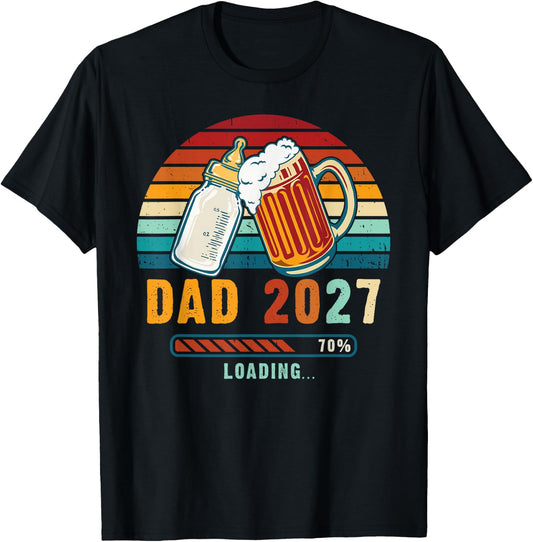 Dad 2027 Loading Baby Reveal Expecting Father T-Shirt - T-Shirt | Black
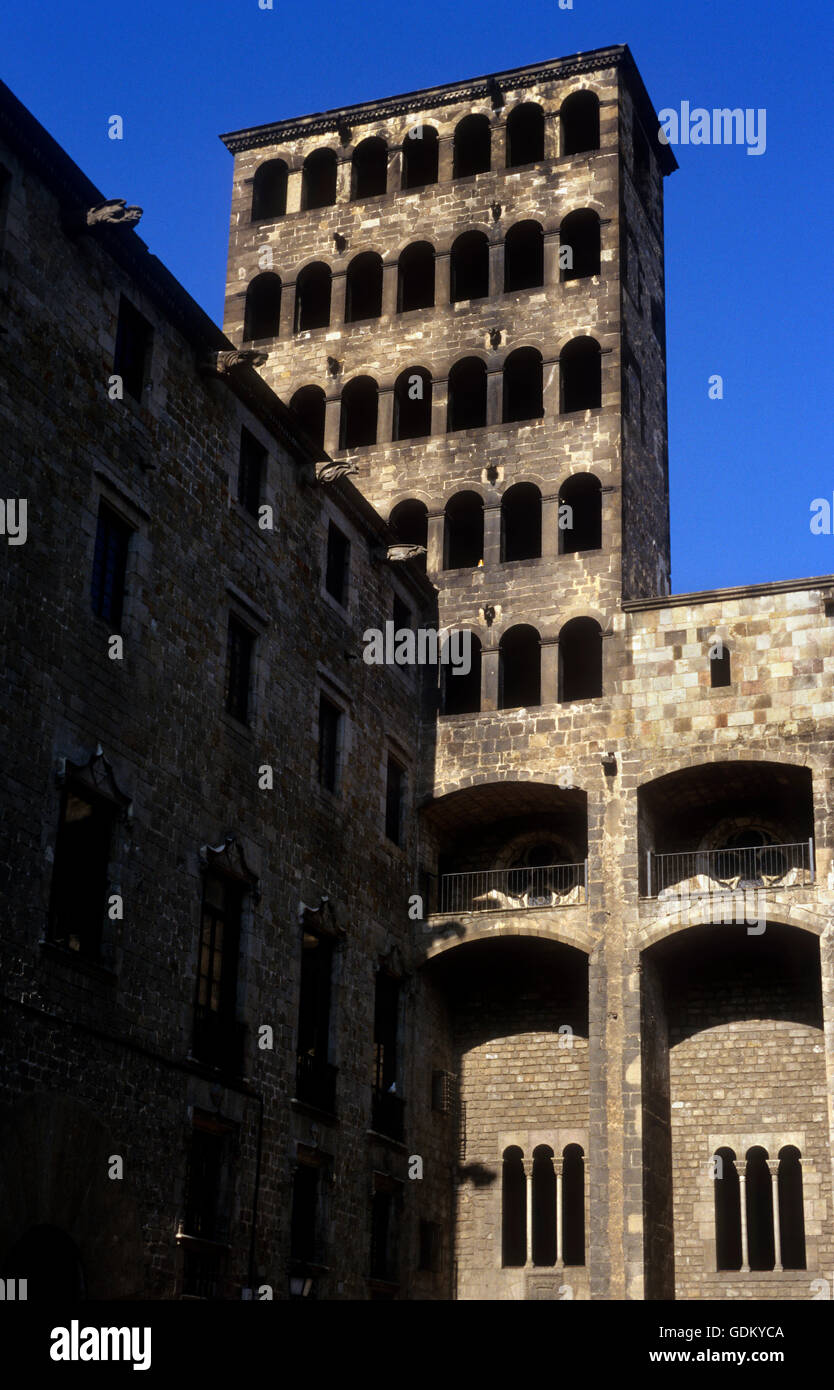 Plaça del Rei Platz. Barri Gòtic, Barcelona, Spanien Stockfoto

· · · ·

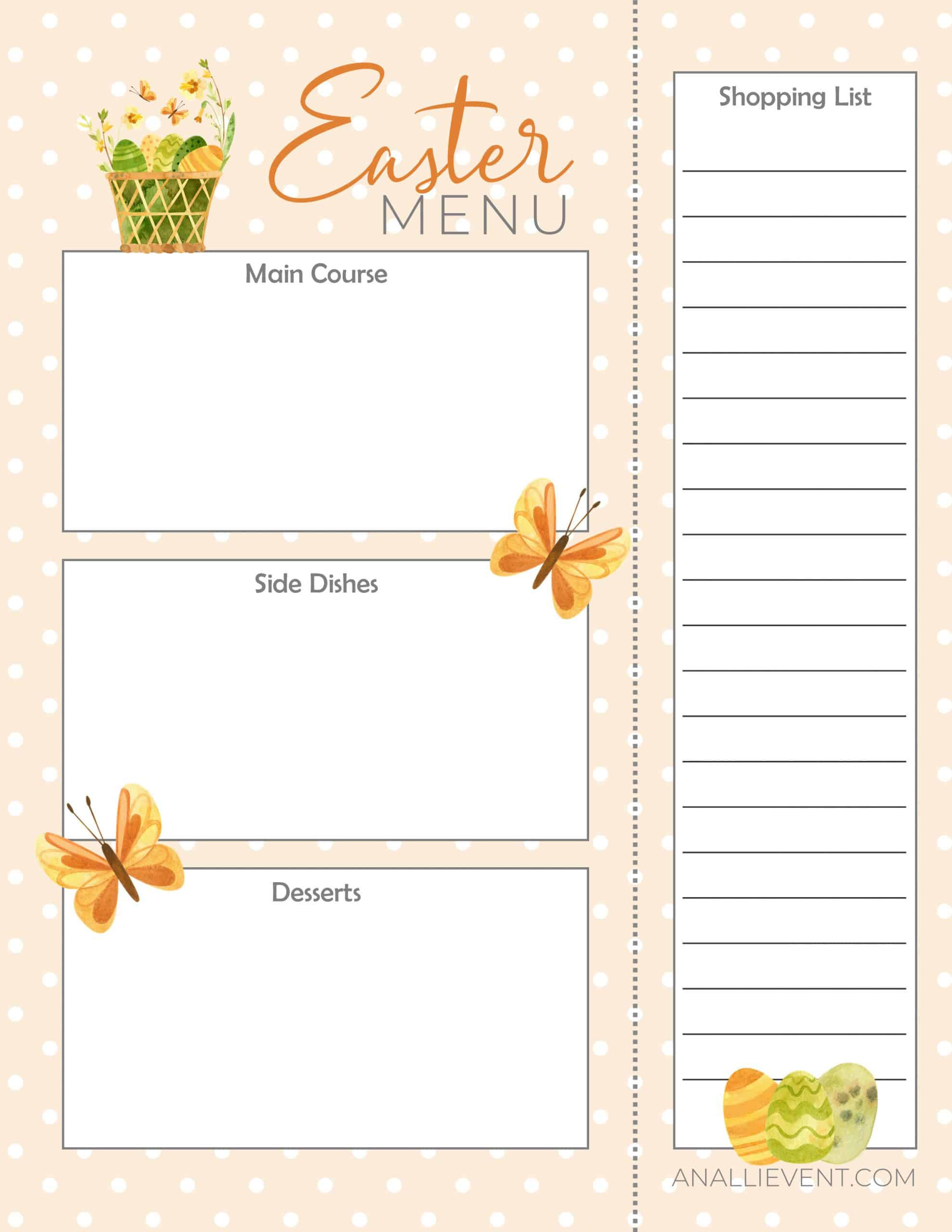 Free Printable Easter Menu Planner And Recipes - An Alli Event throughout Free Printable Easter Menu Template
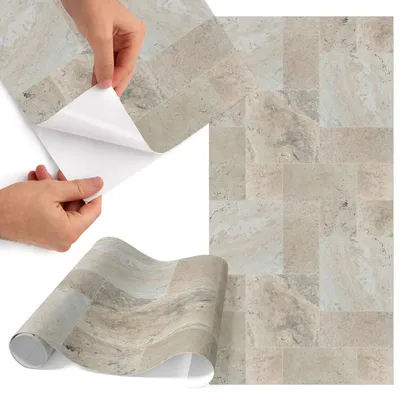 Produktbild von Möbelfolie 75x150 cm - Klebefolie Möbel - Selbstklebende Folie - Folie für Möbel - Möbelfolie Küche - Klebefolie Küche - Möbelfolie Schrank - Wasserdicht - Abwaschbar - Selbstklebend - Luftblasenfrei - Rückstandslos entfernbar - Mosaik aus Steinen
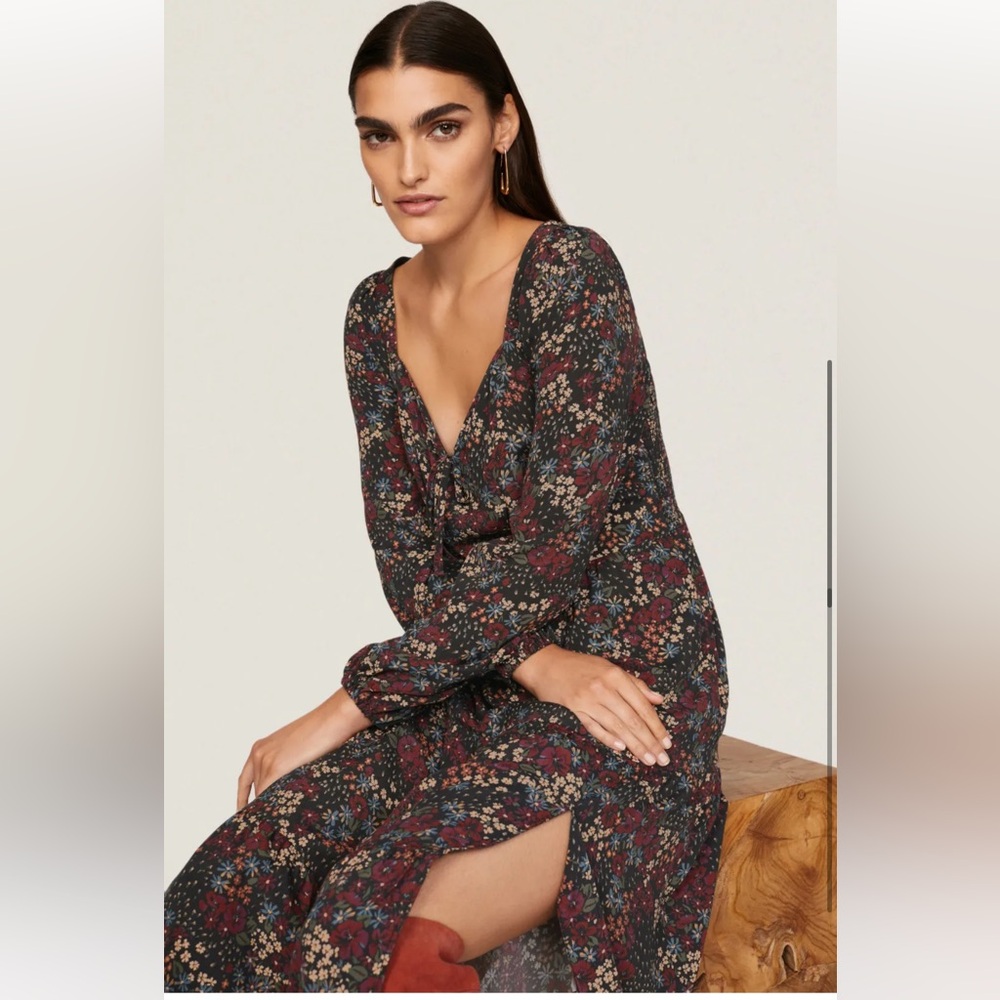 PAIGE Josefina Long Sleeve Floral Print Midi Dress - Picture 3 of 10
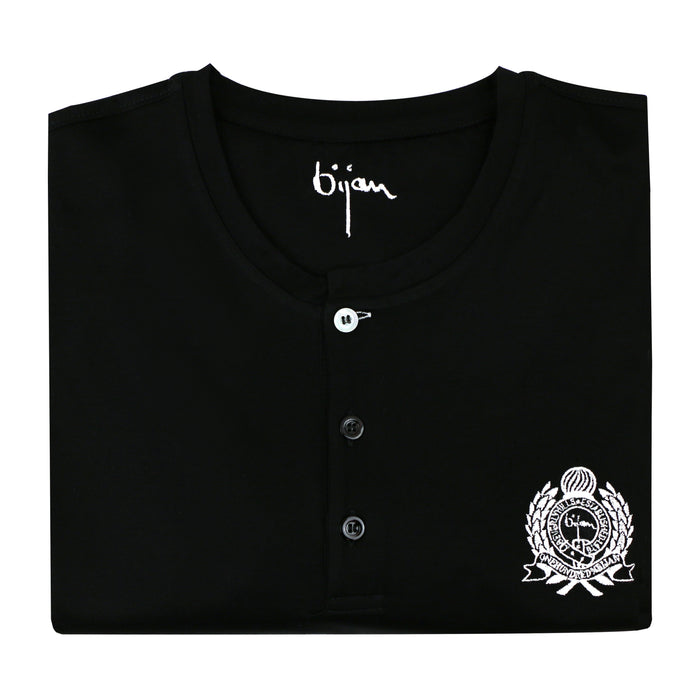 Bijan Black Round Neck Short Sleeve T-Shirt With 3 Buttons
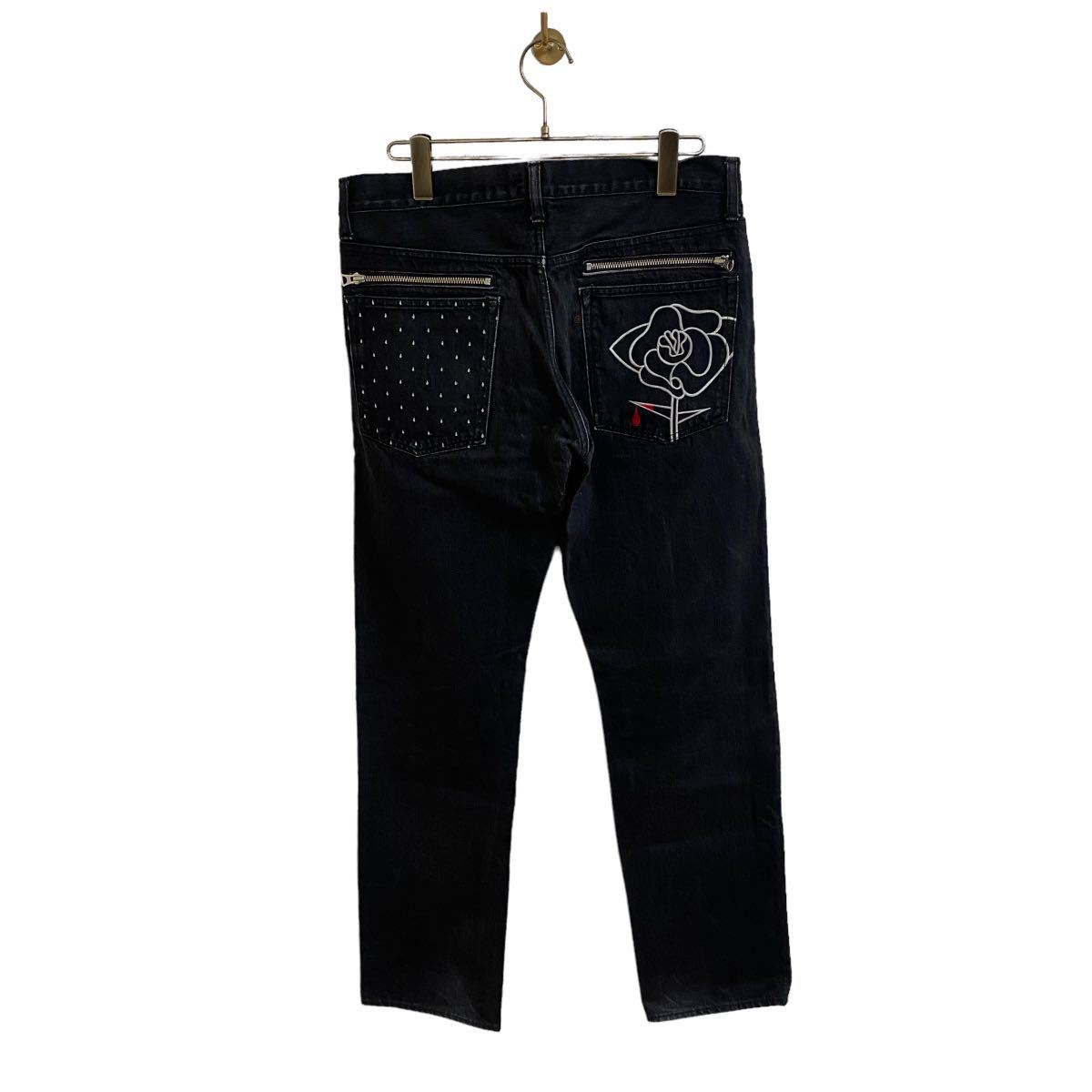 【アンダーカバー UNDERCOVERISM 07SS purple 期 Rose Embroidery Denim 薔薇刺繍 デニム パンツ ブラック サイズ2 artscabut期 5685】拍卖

· · · ·

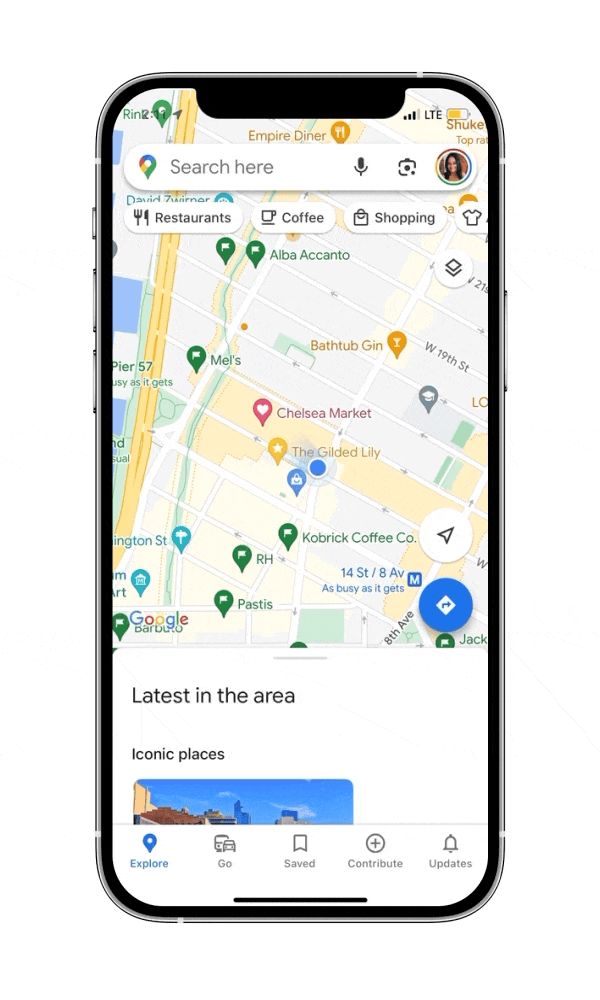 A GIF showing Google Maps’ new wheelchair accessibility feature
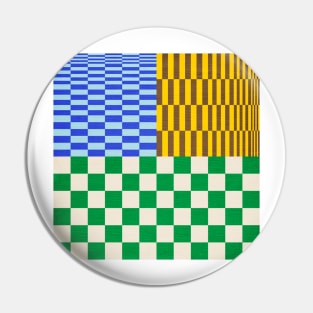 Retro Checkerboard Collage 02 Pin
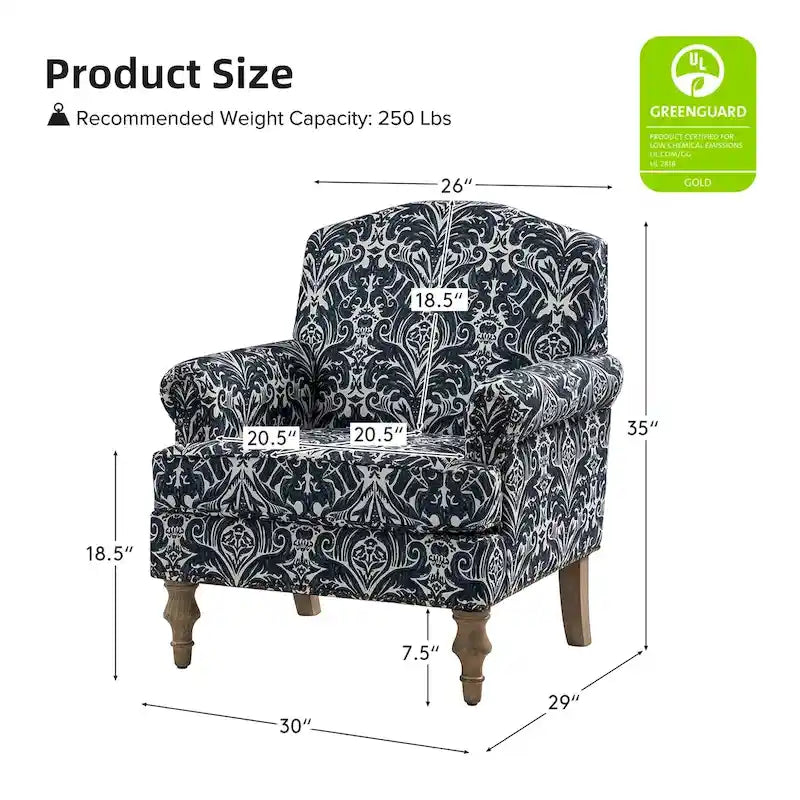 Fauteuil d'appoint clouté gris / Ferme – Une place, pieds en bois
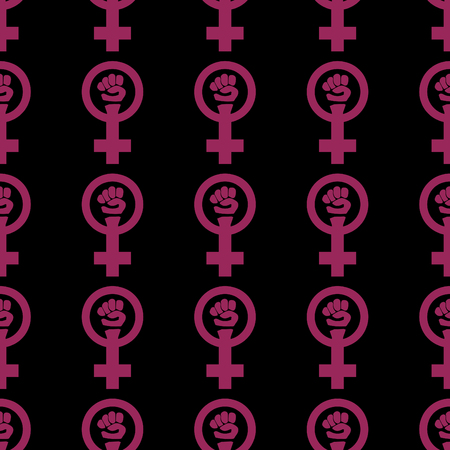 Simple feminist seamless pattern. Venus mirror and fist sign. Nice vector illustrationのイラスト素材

· · · ·

WORK TO BE COMPLETED: Look back at the data above, then output exactly the lines from the line holding "Dad 2027 Loading" up to and including the line holding "Plaça del Rei". Leave out the pictures.

EXERCISE RESULT:
 Dad 2027 Loading Baby Reveal Expecting Father T-Shirt - T-Shirt | Black
 Plaça del Rei Platz. Barri Gòtic, Barcelona, Spanien Stockfoto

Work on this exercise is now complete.